▶ _Task item_: Take the entries that follow and return exactly the lines from the one holding "Carteira Feminina de" through the one holding "Diana et le prince Charles en 1986.", both included. Nothing else is needed.
───── Dataset excerpts
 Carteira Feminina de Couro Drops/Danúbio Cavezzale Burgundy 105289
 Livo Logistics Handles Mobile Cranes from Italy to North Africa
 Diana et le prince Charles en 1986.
──────────
───── Dataset excerpts
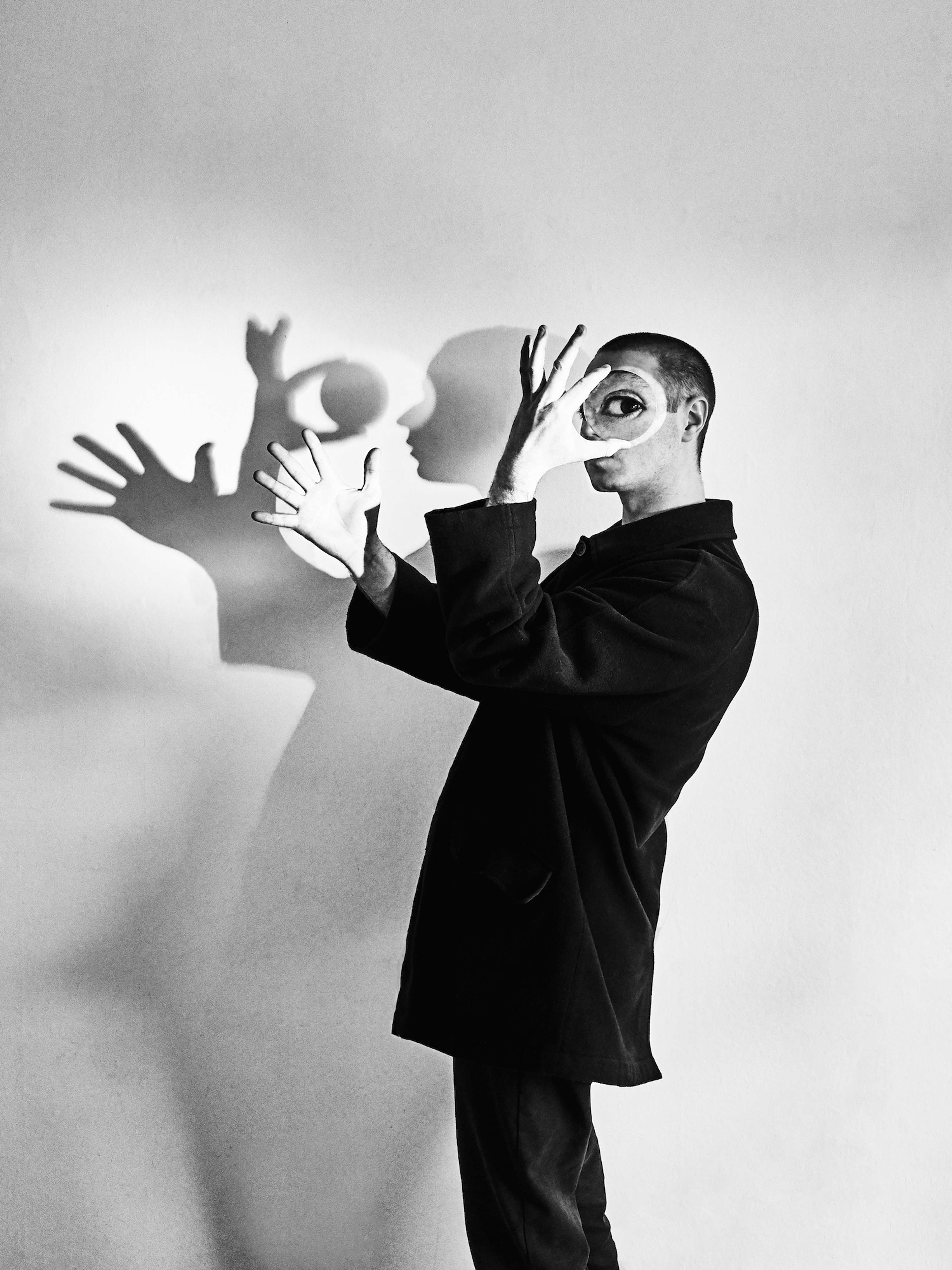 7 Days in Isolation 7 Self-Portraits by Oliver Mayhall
──────────
▶ _Finished exercise_:
 Carteira Feminina de Couro Drops/Danúbio Cavezzale Burgundy 105289
 Livo Logistics Handles Mobile Cranes from Italy to North Africa
 Diana et le prince Charles en 1986.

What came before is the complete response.